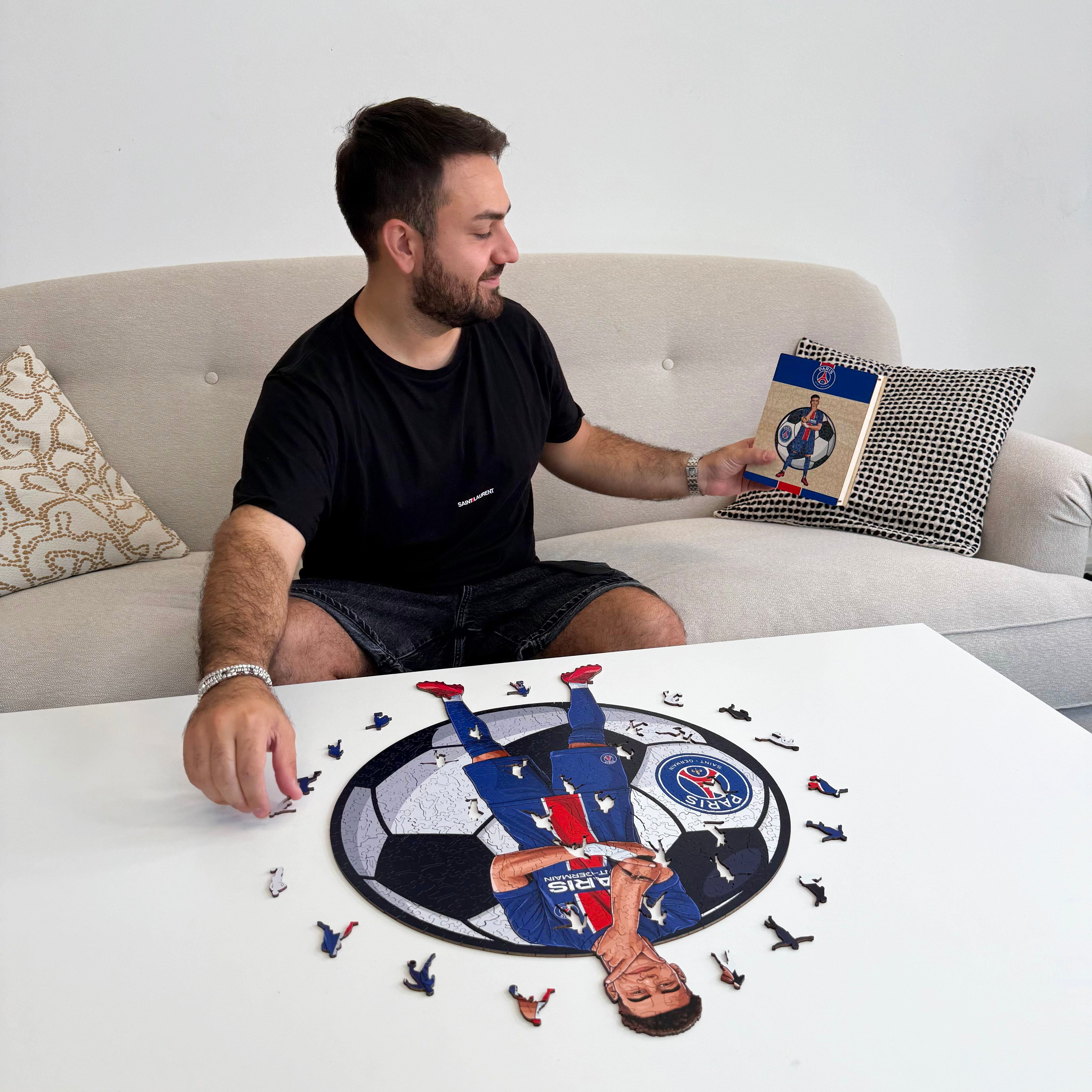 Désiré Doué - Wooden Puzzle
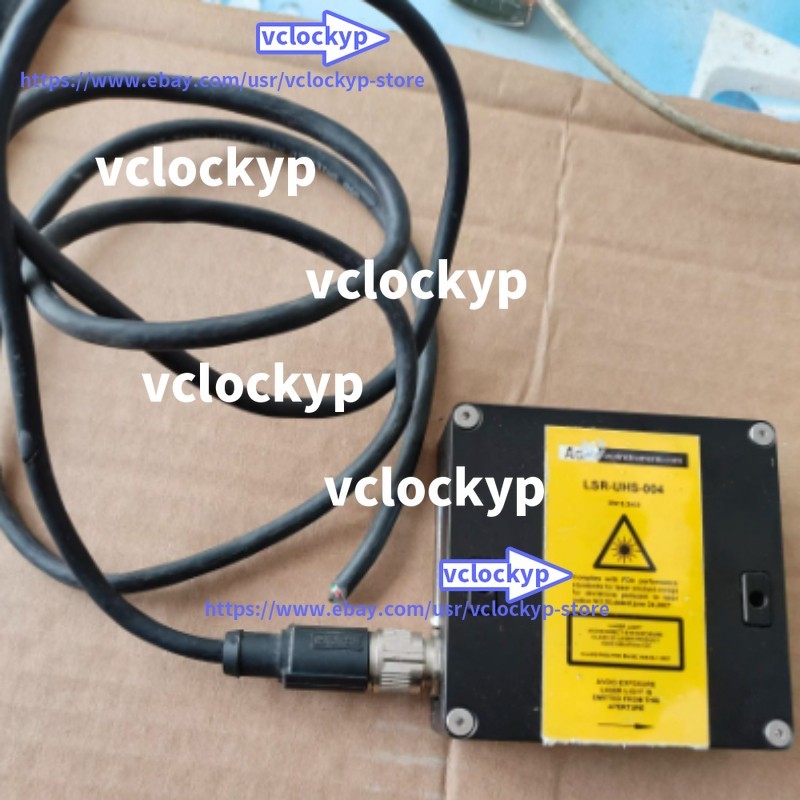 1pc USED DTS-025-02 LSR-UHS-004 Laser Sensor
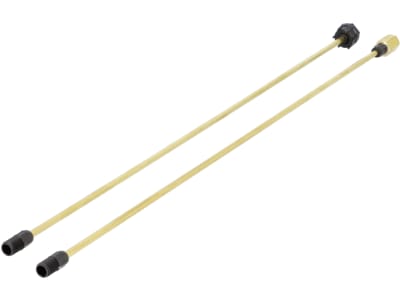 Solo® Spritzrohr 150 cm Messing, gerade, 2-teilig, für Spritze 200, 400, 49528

+===+

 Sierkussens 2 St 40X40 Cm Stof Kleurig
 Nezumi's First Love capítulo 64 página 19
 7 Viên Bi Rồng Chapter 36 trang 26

+===+

Exercise instructions. Set the pictures aside and reproduce exactly the lines above, from the line holding "Désiré Doué - Wooden Puzzle" through the line holding "Solo® Spritzrohr 150", both included, with nothing else.

Problem solution.
 Désiré Doué - Wooden Puzzle
 1pc USED DTS-025-02 LSR-UHS-004 Laser Sensor
 Solo® Spritzrohr 150 cm Messing, gerade, 2-teilig, für Spritze 200, 400, 49528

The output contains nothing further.